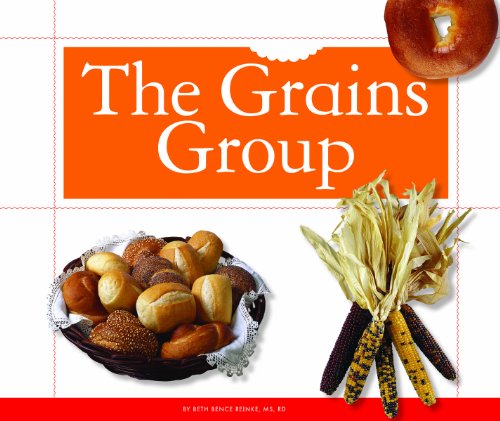 The Grains Group by Beth Bence Reinke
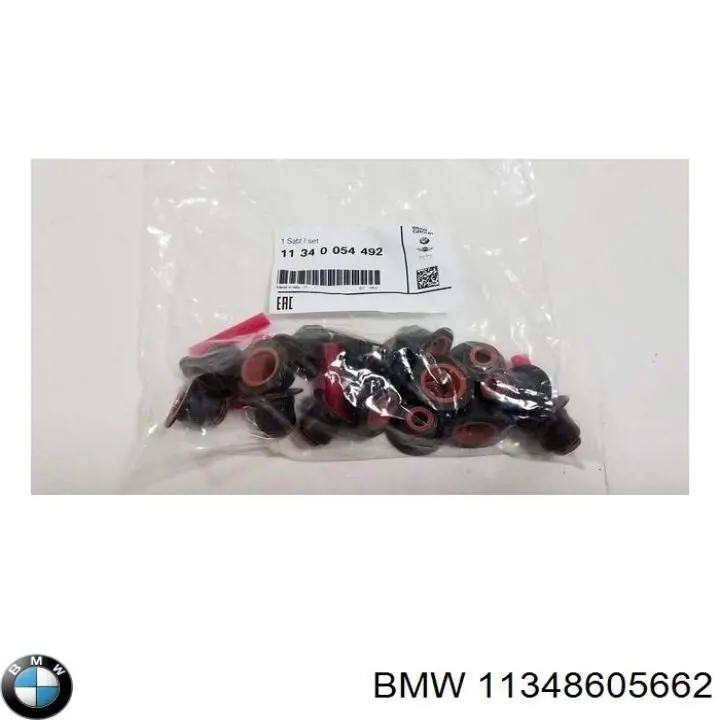 Впускной клапан 11348605662 BMW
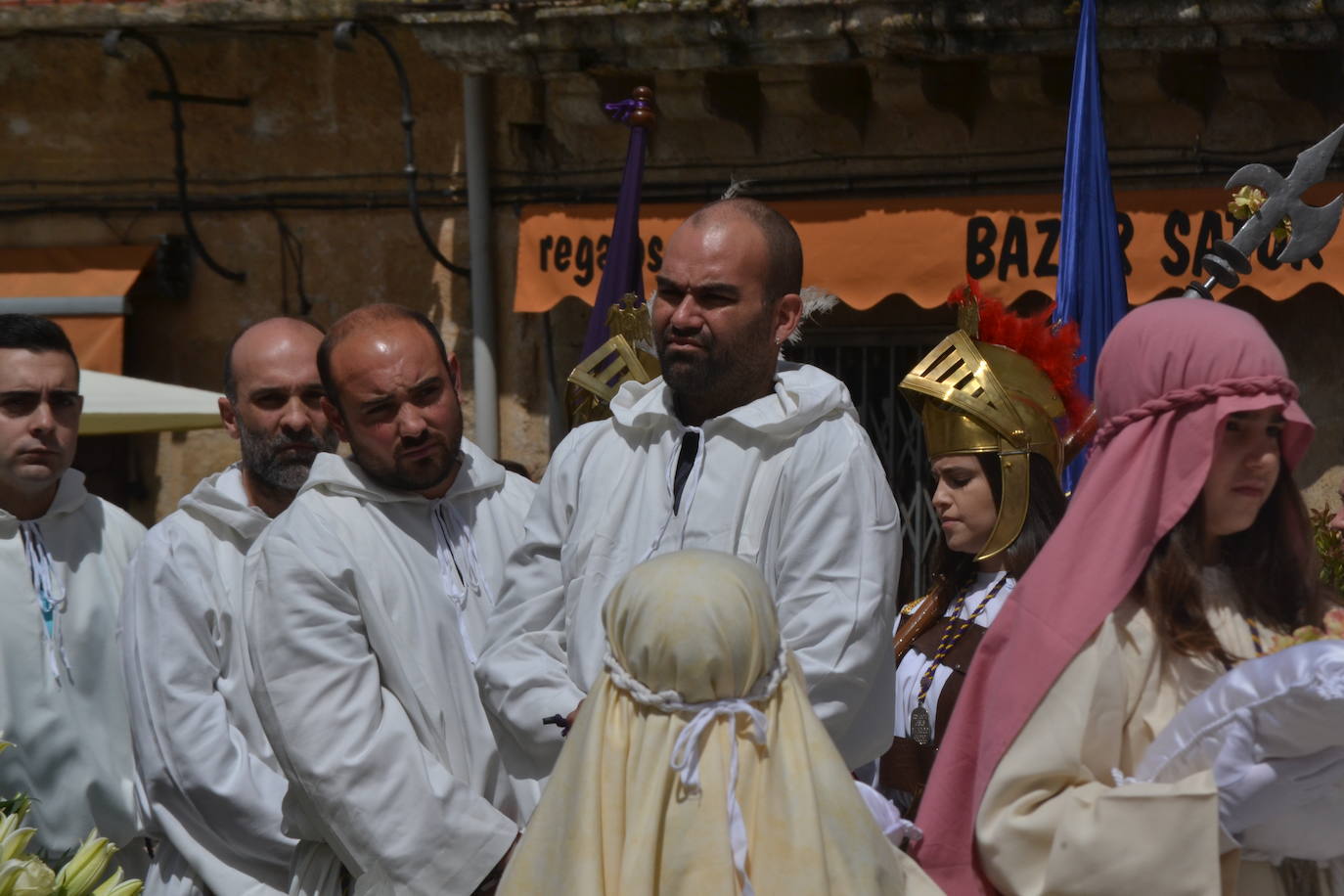 Jesús Resucitado emociona a Ciudad Rodrigo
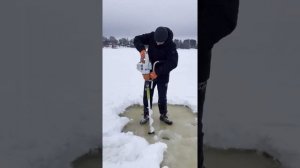 Бензобур Stihl BT45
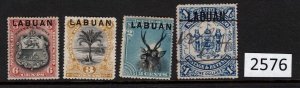 $1 World MNH Stamps (2576) LABUAN, READ DESCRIPTON, see image(s)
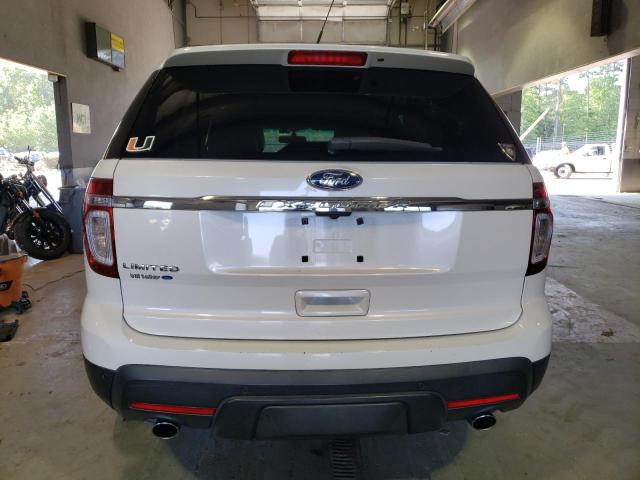 Photo 6 from auction – 2011 FORD EXPLORER L with VIN 1FMHK7F81BGA91336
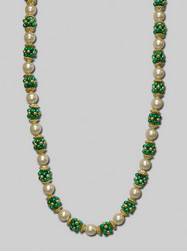 Handstrung Mardi Gras Beads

****************************************

• WHAT THE EXERCISE ASKS:
Repeat exactly and only the lines from the one holding "DESCRIPTON, see image(s)" through the final line of the entries; no pictures.

• SOLUTION TO THE PROBLEM:
 $1 World MNH Stamps (2576) LABUAN, READ DESCRIPTON, see image(s)
 Photo 6 from auction – 2011 FORD EXPLORER L with VIN 1FMHK7F81BGA91336
 Handstrung Mardi Gras Beads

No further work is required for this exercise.